This canton of the Iroquois nation, deduces its origin in a remote age, from the Onondagas, with the language of which, the Oneida has the closest affinity. According to a tradition which was related to me, and which is believed to be entitled to respect, they are descended from two persons, who, in their obscure ages, and before a confederation had been thought of, went out from the people at Onondaga, and first dwelt at the head of the Oneida river. After increasing in numbers, they removed to the outlet of the Oneida creek, which flows into Oneida lake. Here they fortified themselves, and farther increased in numbers and power. Remains of this fortification are said still to exist. Their next removal was up the Oneida creek valley, to the storied locality of the Oneida stone, from which, by a figure of speech, they represent themselves to have sprung. This stone is in the town of Stockbridge, Madison county. It lies on a very commanding eminence, from which the entire valley, as far as the Oneida lake, can be seen in a clear atmosphere. The day of my visit being hazy at a distance, the lake could not be seen, although the view down the valley, was both magnificent and picturesque. This eminence was formerly covered with a butternut grove. Old, and partly decayed trees of this species, still remain in a few places. The ancient town extended in a transverse valley, south of this ridge of land, covered as it was, with nut wood trees, and was completely sheltered by it, from the north winds. A copious and clear spring of water issued at the spot selected for their wigwams. Here in seclusion from their enemies, the tribe expanded and grew in numbers. When it was necessary to light their pipes, and assemble to discuss their national affairs, they had only to ascend the hill, through its richly wooded grove, to its extreme summit, at the site of the Oneida stone. This stone, represented on the succeeding page, became the national altar.

Standing at its side, at a probable elevation of 400 or 500 feet above the Stanwix summit, they could survey the whole valley of the Oneida; and a beacon fire lighted here, was the signal for assembling their warriors, from all the surrounding lateral plains and vallies. Time and usage rendered the object sacred, and as they expanded into nationality and power, while located around it, their sages asserted with metaphorical truth, that they sprang from this rock. Stone in this language is Onia. They called themselves, Oniota-aug, people of, or who sprung from the stone. There is some variety in the pronunciation. The Mohawks call them Onéota. The French wrote it Aneyoute, the English and Dutch, Oneida, which latter has prevailed. Neither retained the plural inflection in aug, which carries the idea of people.
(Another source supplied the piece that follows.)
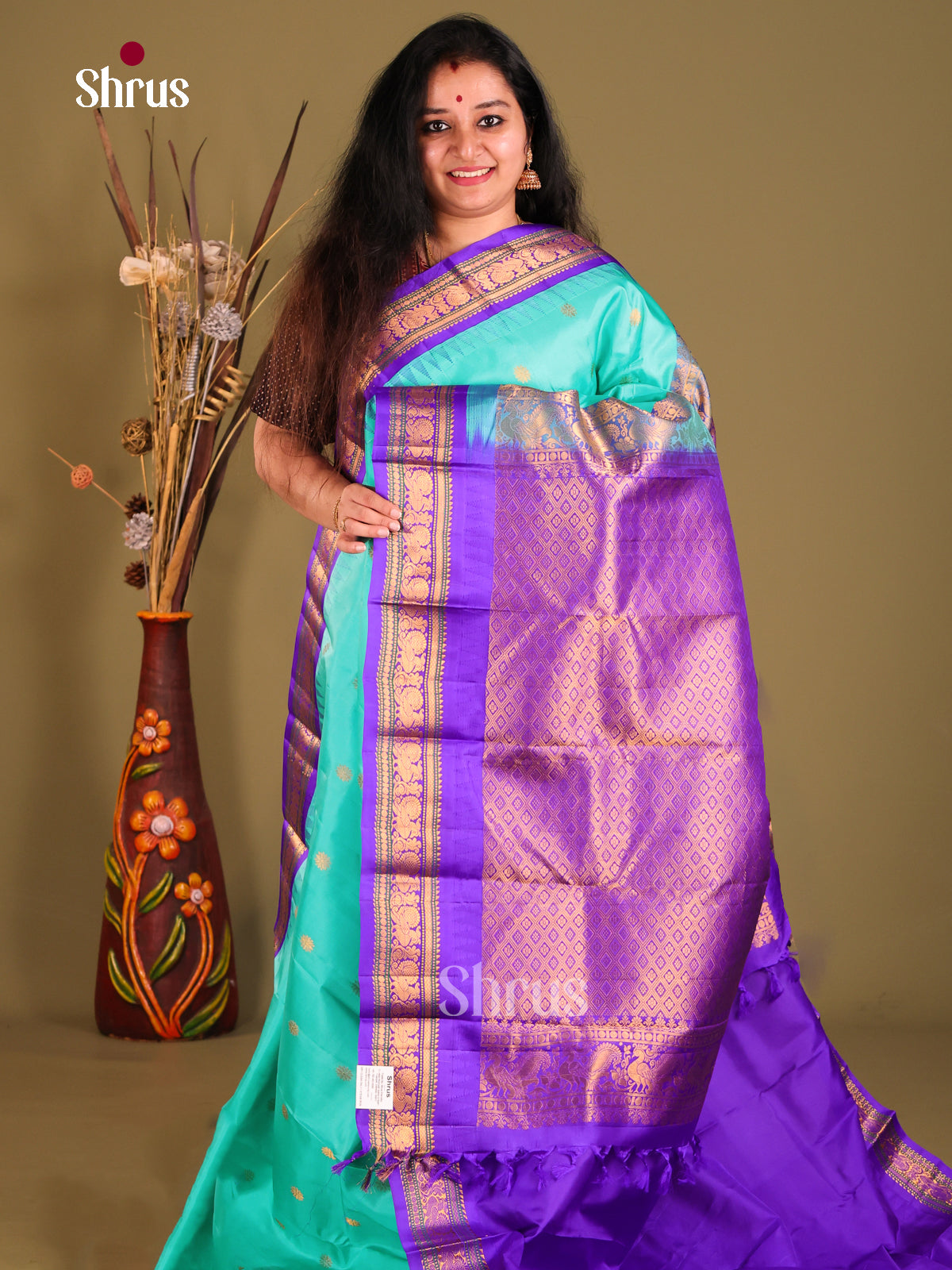 Ornate Teal Gadwal silk Saree with gold zari buttas & Purple Brocade Pallu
With a knowledge of these traditions, I approached the spot with deep interest. It occupies the extreme summit, as shown in the print. The first feeling, on approaching it, was one of disappointment at its size, but this feeling soon subsided in the interest of its antiquity and national associations. It is a large, but not enormous boulder of syenite,[27] of the erratic block groupe, and, consequently, geologically foreign to the location. There are no rocks of this species in situ, I believe, nearer to it, in a northerly or easterly direction, than the Kayaderosseras or the Adirondack mountains.[28] The summit upon which, partly embedded, it reposes, is now a cleared field, in grass. A few primitive and secondary boulders, all of lesser size, are strown about the ridge, and several of weight and magnitude rest upon its flanks, and in the vallies at its base. One of the largest of these is the White Stone at the spring, which has been spoken of, I think, in some early notices of the Oneidas, as the true Oneida Stone; but this opinion is erroneous, by the concurrent testimony of red and white men, cognizant of the facts, whom I consulted. This white stone, figured below, has been removed, by the proprietor of the land,[29] from its ancient position near the spring, to constitute part of a stone fence; it is a carbonate of lime.

[27] A specimen of the rock before me, brought thence, consists of flesh colored feldspar, quartz and hornblende.

[28] If the passage of the Mohawk through the Astorenga or Astogan hills, at Little Falls, discloses syenite, I am not aware of the fact.

[29] Mr. Job Francis.


Tshejoana, one of the Oneidas, who served as my guide in visiting this interesting location, took me to see still another stone, of note, lying a mile or more distant, in a southerly direction, on a farm of Gen. Knox. This stone, of which a figure is annexed, I found to be a large boulder of dark, compact limestone, with organic remains.

It was observable that the encrinites contained in this mass, were red. My Indian guide would have this color to be the result of the ancient Indian war paint. But the most striking characteristic of this rock, aside from its massy and flattened size and channelled centre, consists in the evidences it affords of the action of water, in rounding and polishing it. In several places, my guide would have this wearing effect to have been produced by the rubbing and sharpening of the Indian war axes; for he averred that it was customary for war parties who went out south against the Cherokees, to come and sharpen their axes upon this stone, and paint themselves for war. Whatever there was in this custom, I think he was probably mistaken in his locality; yet it is a question in which others may differ. At any rate, geology had been quite beforehand with the Oneida legendary and philosopher, in producing and accounting for these two phenomena, namely, the red color and smoothed and channelled surfaces. Geology having been mentioned, I may add the following incident. I told Skanawadi, one of my guides, while standing at the Oneida stone, lying on its proud ancient elevation, that there was no stone like this, in place, till we went north to the Adirondacks or Tehawas, or great lakes, and that this block of syenite had been brought here by the ocean, when it covered the whole land, and left on its recession. He replied, after a moment’s reflection, that “he believed this.”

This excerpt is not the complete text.